Israeli brigadier-general (born 1963)

Shmuel Zakai (שמואל זכאי; born 1963) is an Israeli Brigadier General who was forcibly discharged from the Israel Defense Forces (IDF) in November 2004 by order of chief of staff Moshe Yaalon.

Zakai resigned as commander of the IDF's Gaza Division, a position he had held since March 2004, after failing a polygraph test during an investigation into leaks to the Israeli media during the Days of Penitence operation in the northern Gaza Strip in October 2004. Zakai was accused of leaking reports to the media that the IDF wanted to end the operation before the political echelon did.

After resigning as head of the Gaza Division, Zakai was removed from the IDF altogether after 24 years of service, with Yaalon saying that his actions had constituted "an abandonment of a division during combat." He was replaced by Aviv Kochavi, a former commander of the Paratroopers Brigade.

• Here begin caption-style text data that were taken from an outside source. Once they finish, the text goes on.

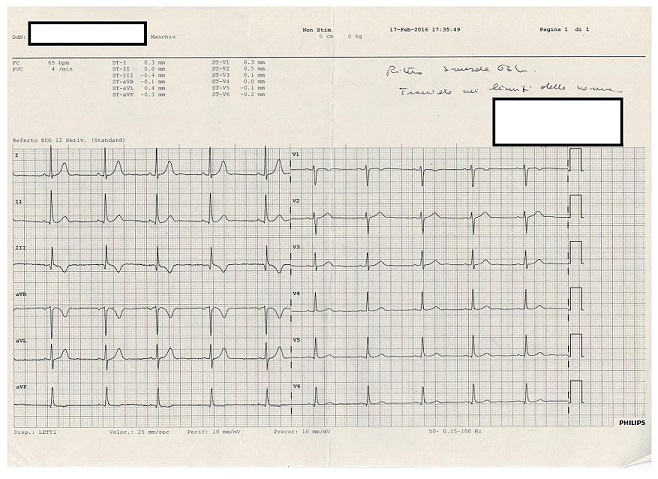 Esempio di un elettrocardiogramma normale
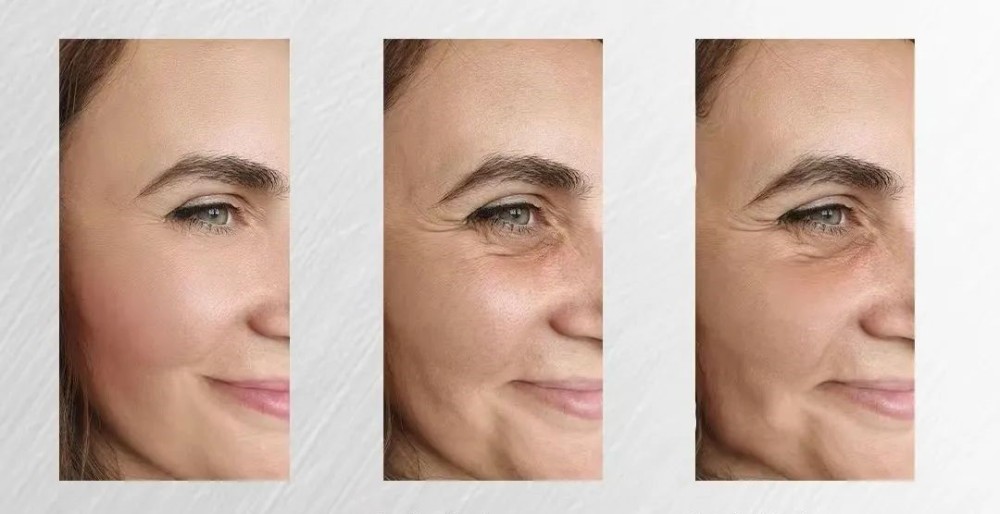 The age-stage state of aging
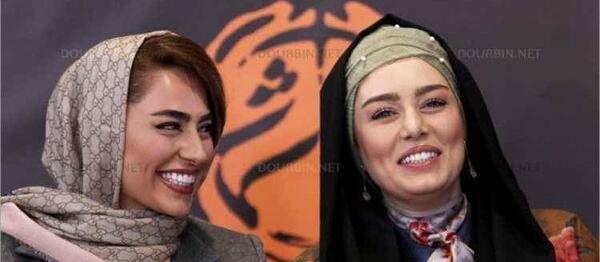 عکس سحر قریشی قبل از عمل دماغ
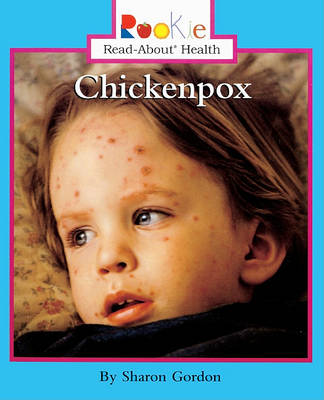 Cover of Chickenpox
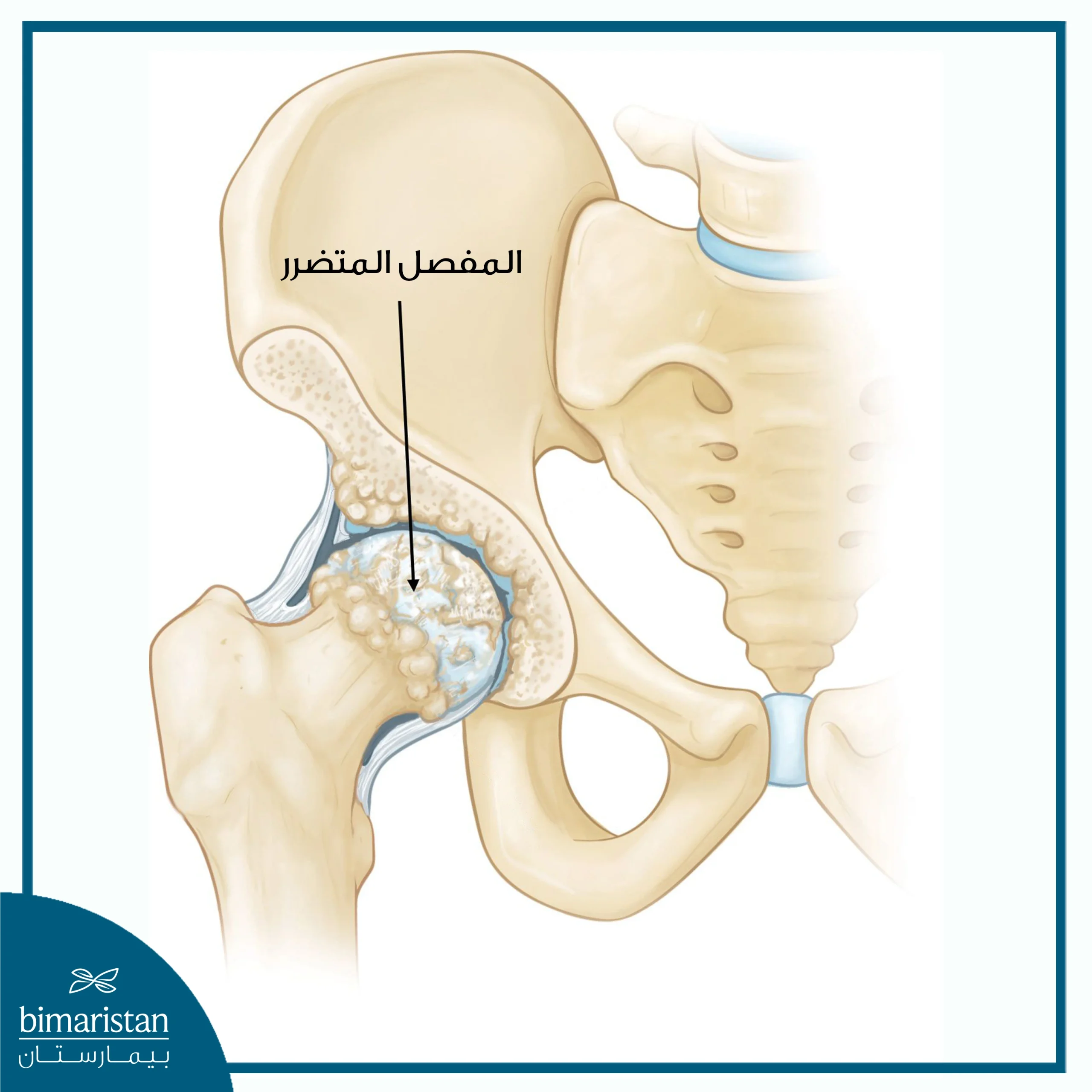 مفصل متضرر يتطلب علاج التهاب مفصل الورك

Zakai's previous positions include:
- 2002–2004: Commander, Edom Division
- 1999–2001: Commander, Golani infantry brigade
- 1998–1999: Commander, Hiram Formation (Northern Command)
- 1995–1996: Battalion commander, IDF Officer's School
- 1993–1994: Deputy commander, Hiram Formation
- 1981–1994: Served in various positions in the Golani Brigade, up to battalion commander.

Zakai was reportedly close to Defense Minister and former chief of staff Shaul Mofaz, who promoted him to brigadier general before he attained a division command.

Zakai is a graduate of the IDF Staff College and has a degree in humanities from Tel Aviv University.